A bico de pena

A chamada Primeira República, ou “República velha”, iniciou-se com a proclamação da República, em 1889, e durou até 1930, quando se desencadeou a Revolução, que depôs Washington Luis e colocou Getúlio Vargas no Poder, onde permaneceu até à deposição, em 1945.

Durante a república velha as eleições eram pelo sistema chamado de “bico de pena”. Conforme leciona o eminente Ministro Walter Costa Porto em seu interessantíssimo “Dicionário do Voto”, as eleições, a bico de pena, embora formalmente corretas, em vista da documentação apresentada, eram, na verdade, inteiramente falseadas.

Comenta Belisário de Souza, em “O sistema eleitoral brasileiro no Império” que, segundo as atas, “são as mais regulares; não há uma só formalidade preterida, tudo se fez a horas e com os preceitos das leis, regulamentos e avisos do governo; é difícil que ofereçam brecha para nulidades”.

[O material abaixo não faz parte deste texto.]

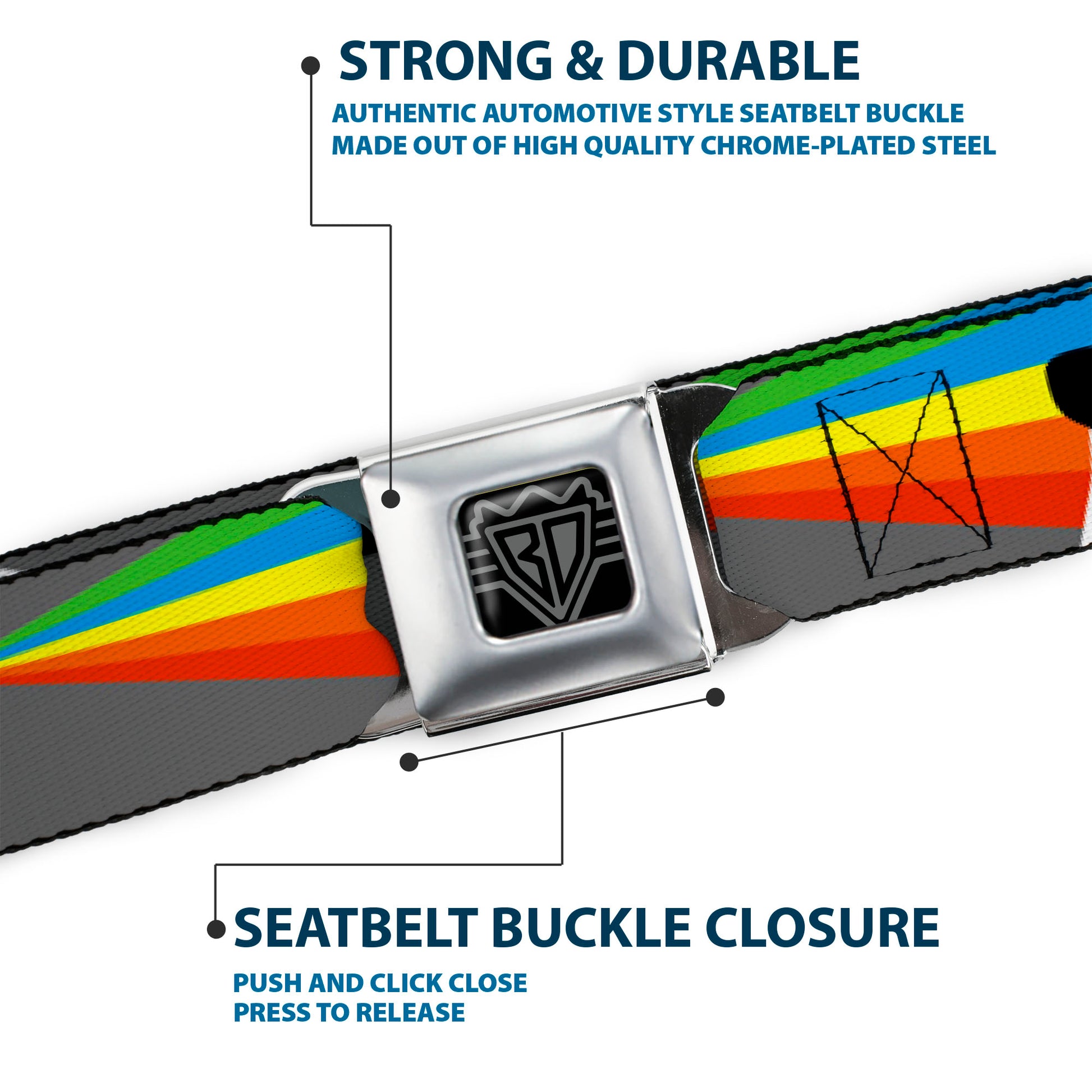 BD Wings Logo CLOSE-UP Black/Silver Seatbelt Belt - Panda Shooting Rainbow Rays Gray/Black/White/Mutli Color Webbing Seatbelt Belts Buckle-Down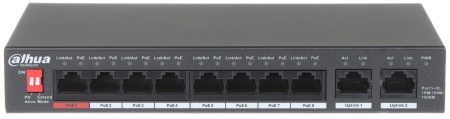 Switch PoE Dahua Gigabit DH-PFS3010-8GT-96, 10 porturi (8x PoE + 2x Uplink), putere totala 96W, suporta Hi-PoE BT 90W, functie PoE Watchdog, Long Distance PoE, carcasa metalica, protectie descarcari electrice - Img 3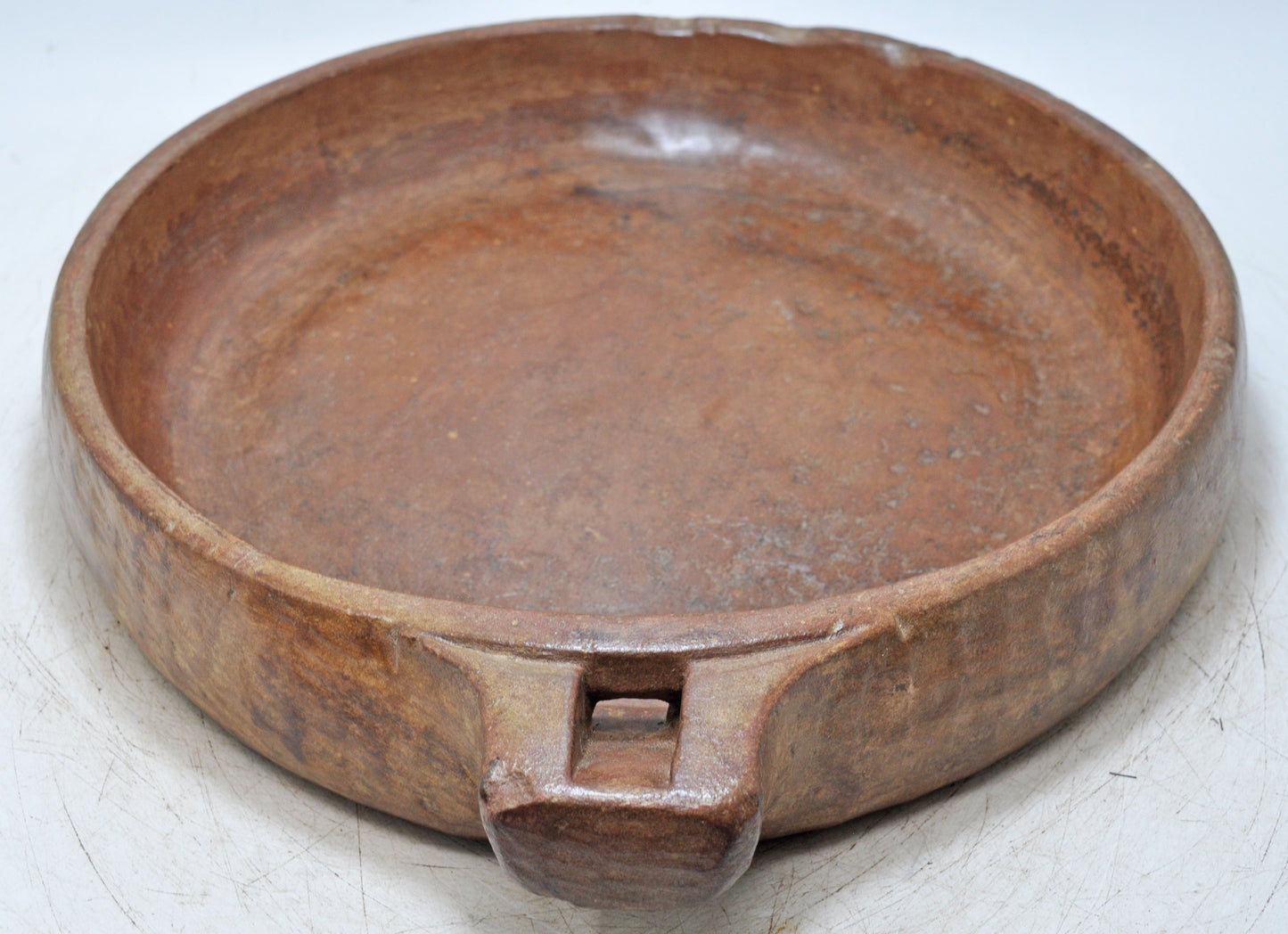 Antique Brown Sand Stone Large Size Decorative Water Bowl Original Old Very Fine Hand Carved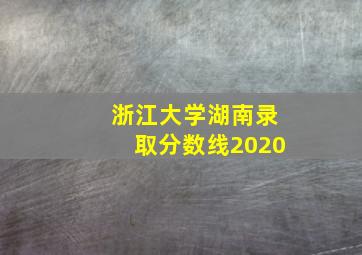 浙江大学湖南录取分数线2020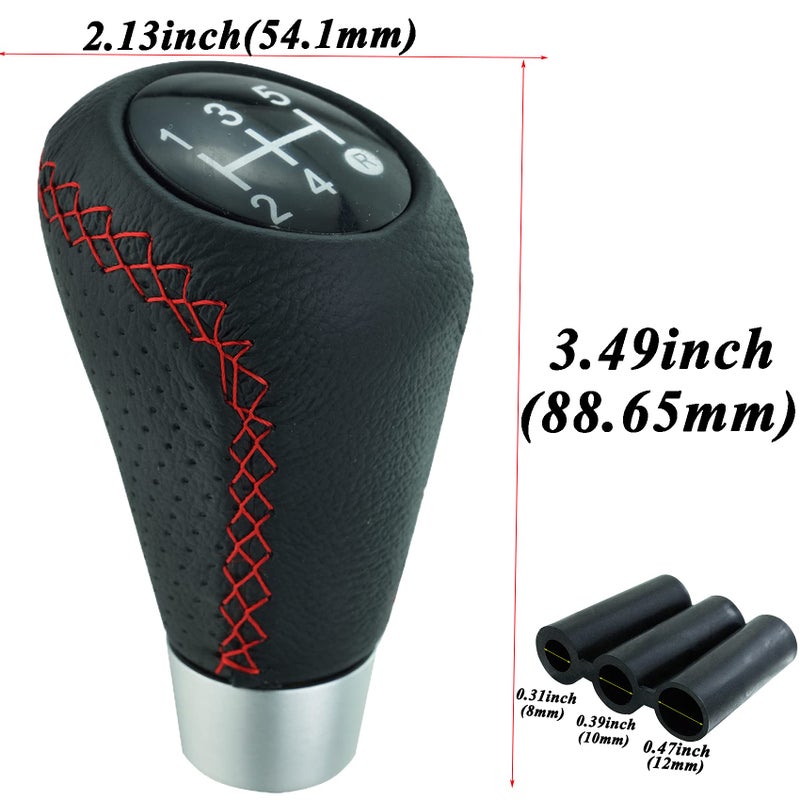 Abfer Shifter Knobs 5 Speed Manual Stick Shifting Handle Leather Gear Shift Knob for Car Motor Vehicles, Black - Image 3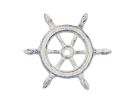 Whitewashed Cast Iron Ship Wheel Decorative Paperweight 4""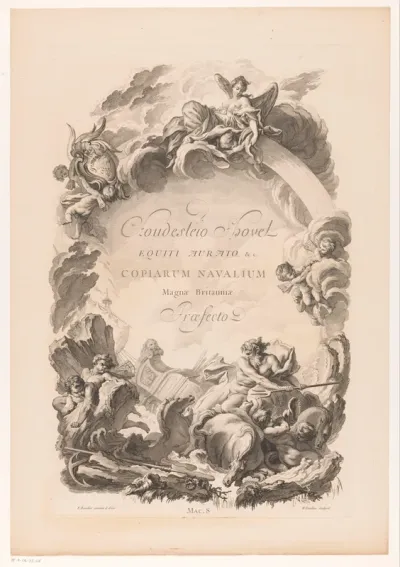 Allegorie op Cloudesley Shovell met Neptunus en een schipbreuk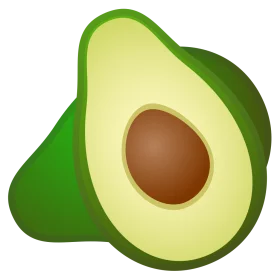 Fresh and Smooth Green Avocado Half Emoji Style Clipart Illustration Design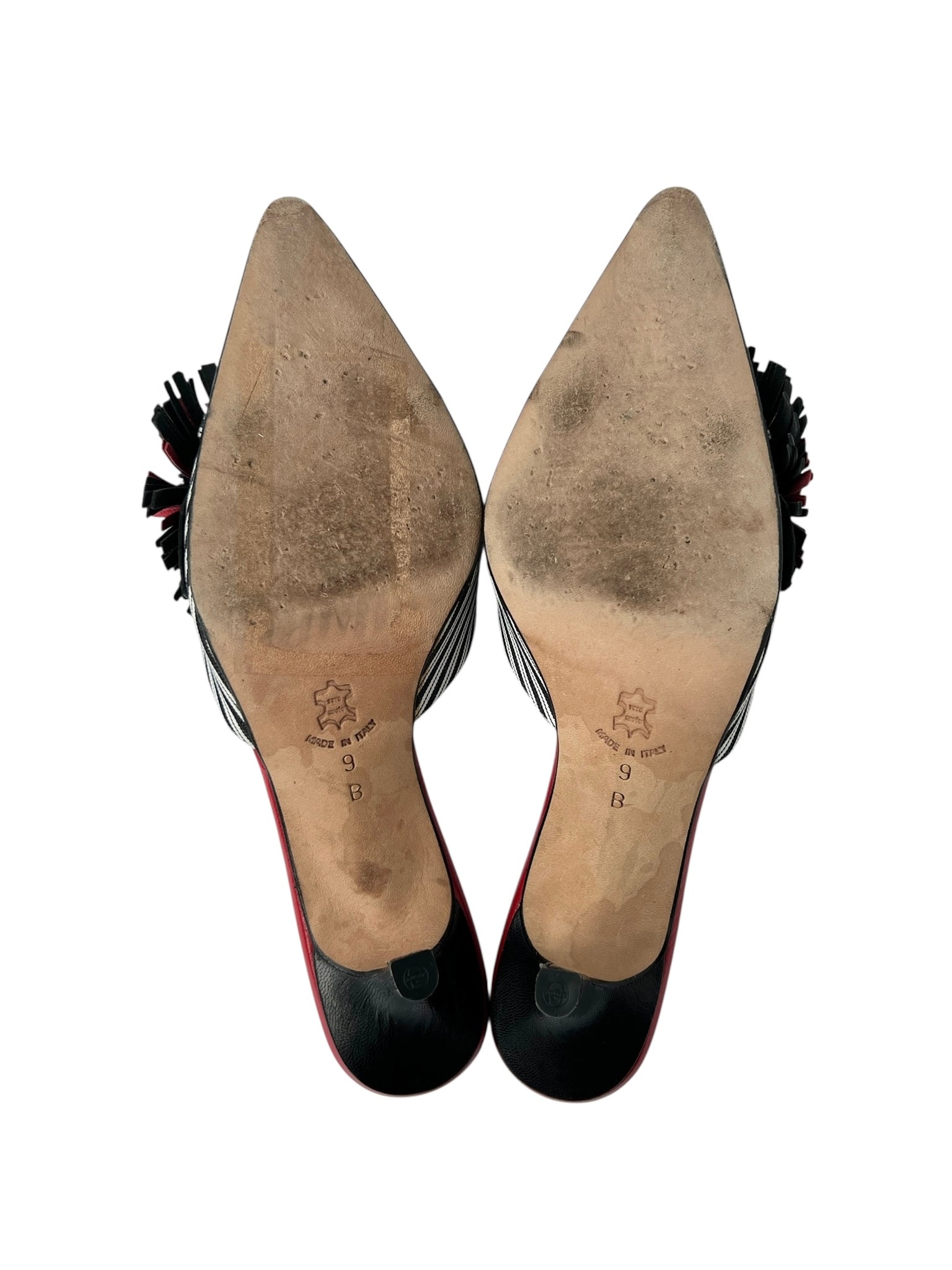 Isaac Mizrahi Striped Flower Pointed Toe Mules - 9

Segundo Francisco de Assis Barbosa, citado por Afonso Arinos, “as eleições se faziam mais nas atas que nas urnas. Havia especialistas na matéria. Enchiam laudas e laudas de almaço num paciente exercício de caligrafia, com a caneta enfiada sucessivamente entre cada um dos dedos da mão direita, para repetir em seguida os mesmos golpes de habilidade com a mão esquerda. A pena mallat 2, a mais comum, era também a mais indicada para semelhante prestidigitação – corria sobre o papel, ora com força, ora com suavidade, o bico virado, para cima ou para baixo, em posições as mais diversas, a fim de que o traço não saísse igual – frouxo, firme, tremido, grosso, fino, bordado, caprichado, mas sempre diferente”.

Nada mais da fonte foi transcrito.